» WHAT THIS TASK INVOLVES
For the records below, output word for word the lines from the one with "Ford Fiesta Hatch Rocam 1.6 (Flex) 2013" up to and including the one with "Let's Play Zero". No pictures.

» RECORDS SUPPLIED
◆ ◆ ◆
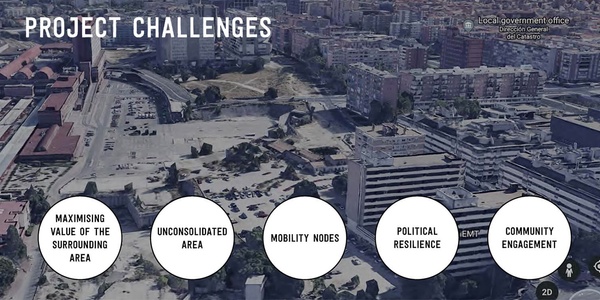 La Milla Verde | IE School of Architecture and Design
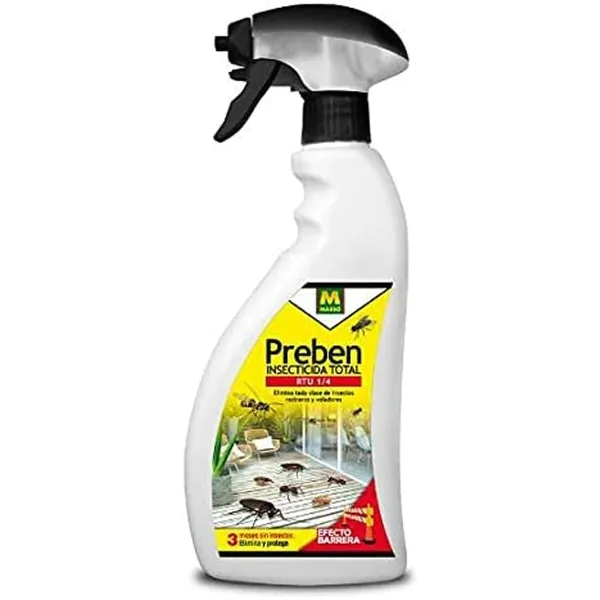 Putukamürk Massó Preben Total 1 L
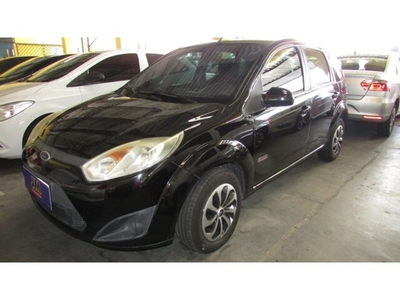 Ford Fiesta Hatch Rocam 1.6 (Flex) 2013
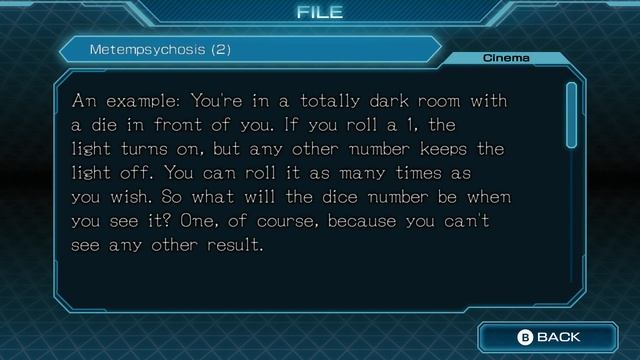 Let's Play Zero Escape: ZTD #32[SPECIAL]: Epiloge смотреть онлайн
◆ ◆ ◆
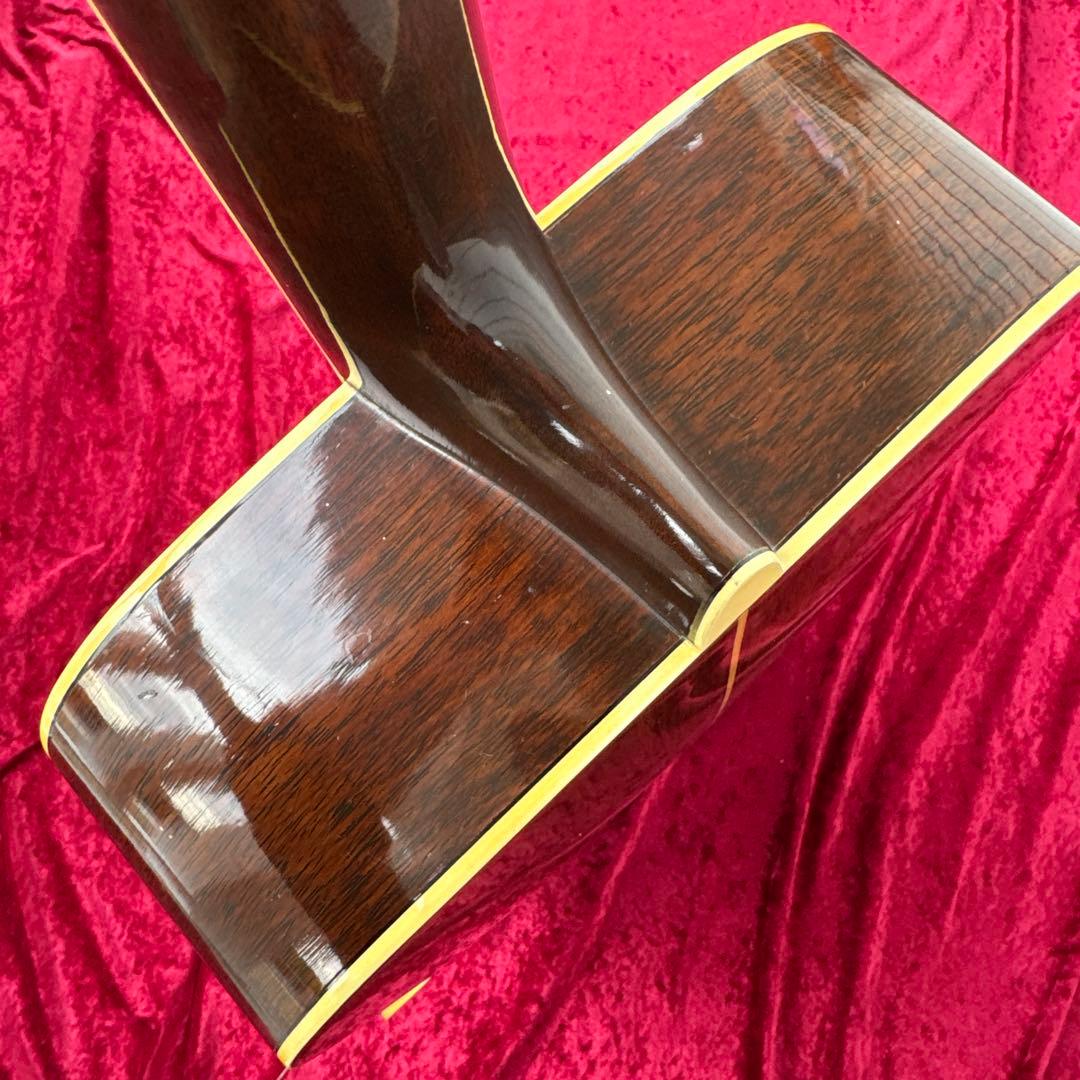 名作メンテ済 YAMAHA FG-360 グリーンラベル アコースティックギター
◆ ◆ ◆
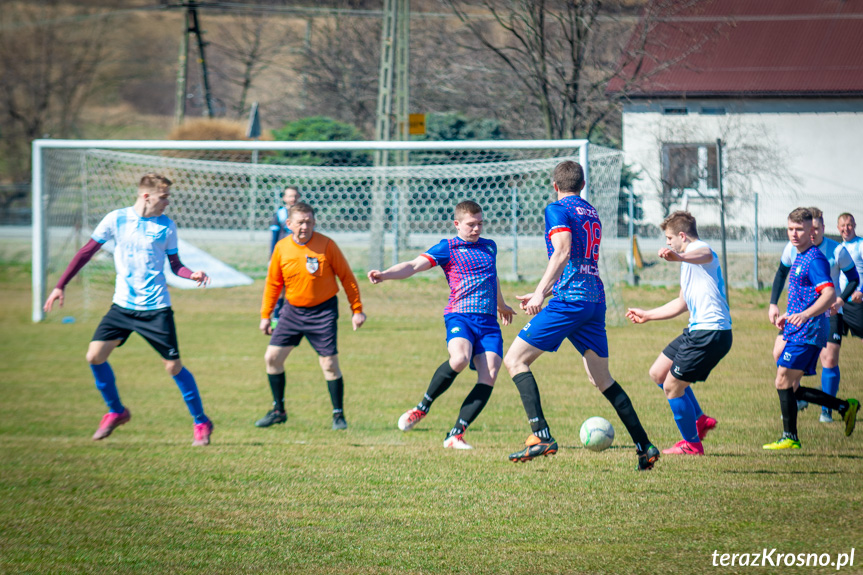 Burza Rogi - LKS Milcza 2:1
◆ ◆ ◆
» EXPECTED OUTPUT
 Ford Fiesta Hatch Rocam 1.6 (Flex) 2013
 Let's Play Zero Escape: ZTD #32[SPECIAL]: Epiloge смотреть онлайн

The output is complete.